Top of Exercise materials
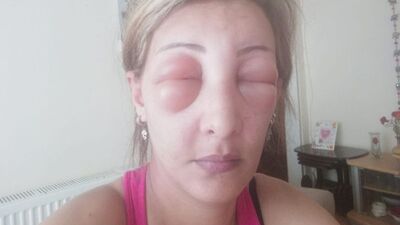 Saçlarını yaptırmak için kuaföre gitti, ölümden döndü!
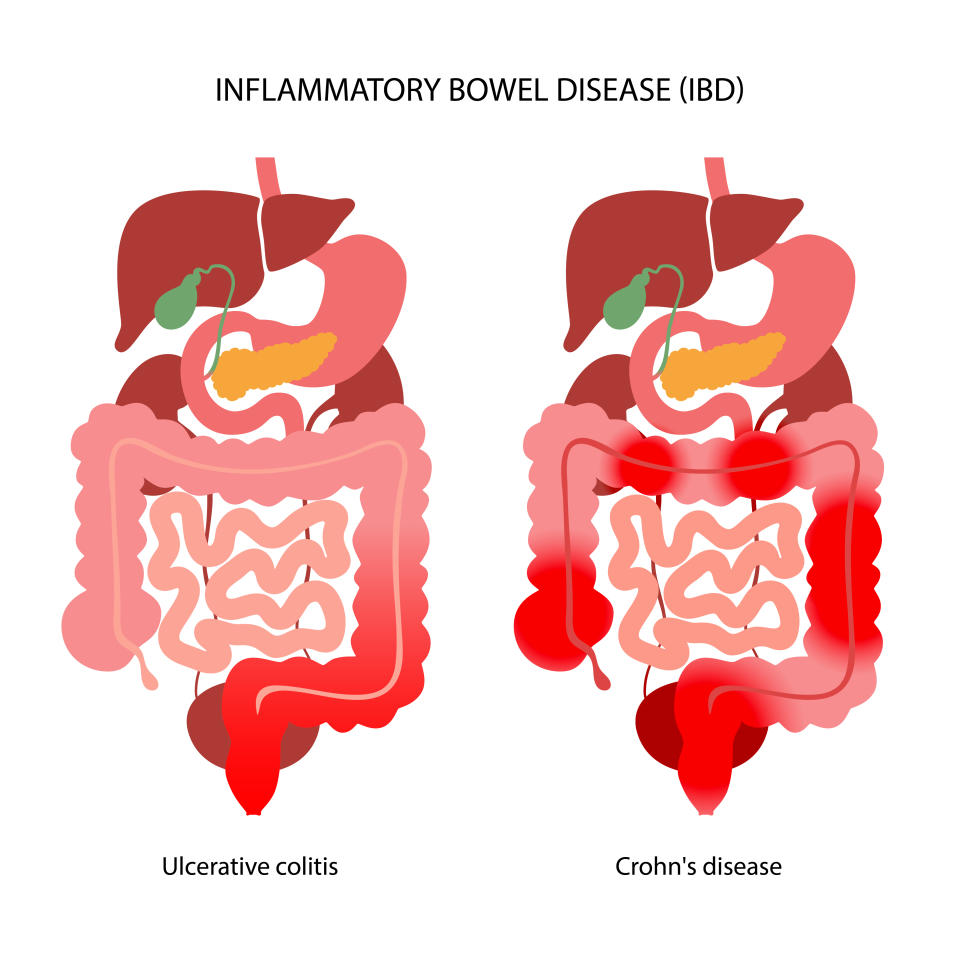 Crohn's disease and ulcerative colitis are two types of IBD that affect different parts of the bowel. (Getty Images)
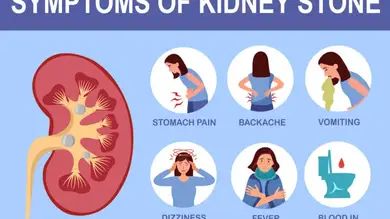 This Powerful, Yet Delicious Juice Removes Kidney Stones & Gallstones From Your Body Naturally (Recipe Included) - Green Living Tribe Kidney Stone Relief, Parathyroid Disease, Renal Calculi, Differential Diagnosis, Kidney Pain, Kidney Stone, Uric Acid, Kidney Health, Stomach Pain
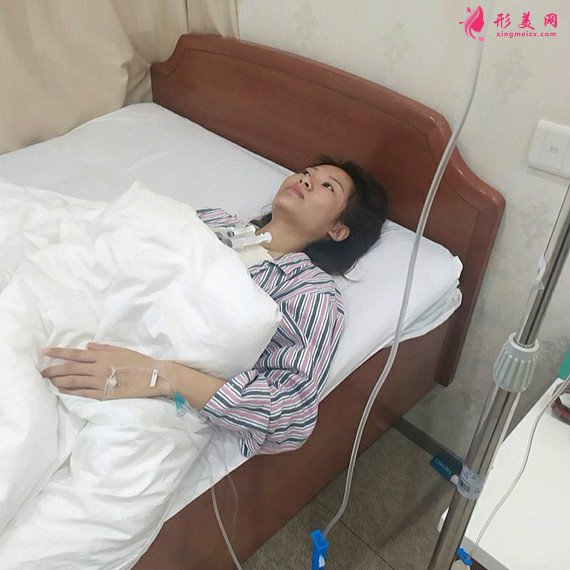 人要學(xué)會憐惜自己的整形術(shù)后圖片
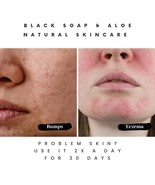 Pimple Soap: A Solution for Acne and Hyperpigmentation - $13.62 CAD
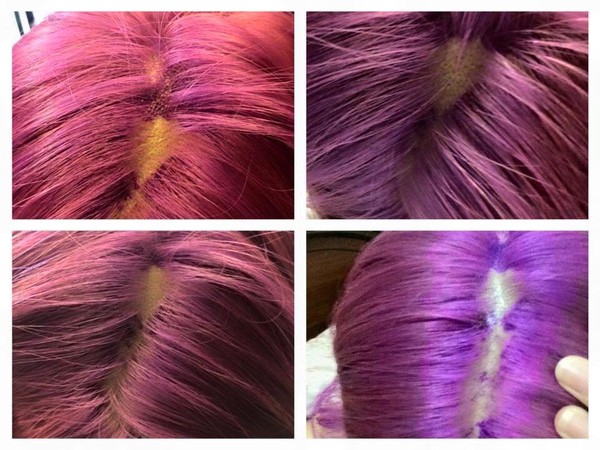 Rùng mình cô gái nhuộm tóc bị 'nổ da đầu' và tóc rụng từng mảng ảnh 1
Bottom of Exercise materials
— To do —
Your copy of the records must match them exactly, except that no pictures appear in it.

— Answer —
 Saçlarını yaptırmak için kuaföre gitti, ölümden döndü!
 Crohn's disease and ulcerative colitis are two types of IBD that affect different parts of the bowel. (Getty Images)
 This Powerful, Yet Delicious Juice Removes Kidney Stones & Gallstones From Your Body Naturally (Recipe Included) - Green Living Tribe Kidney Stone Relief, Parathyroid Disease, Renal Calculi, Differential Diagnosis, Kidney Pain, Kidney Stone, Uric Acid, Kidney Health, Stomach Pain
 人要學(xué)會憐惜自己的整形術(shù)后圖片
 Pimple Soap: A Solution for Acne and Hyperpigmentation - $13.62 CAD
 Rùng mình cô gái nhuộm tóc bị 'nổ da đầu' và tóc rụng từng mảng ảnh 1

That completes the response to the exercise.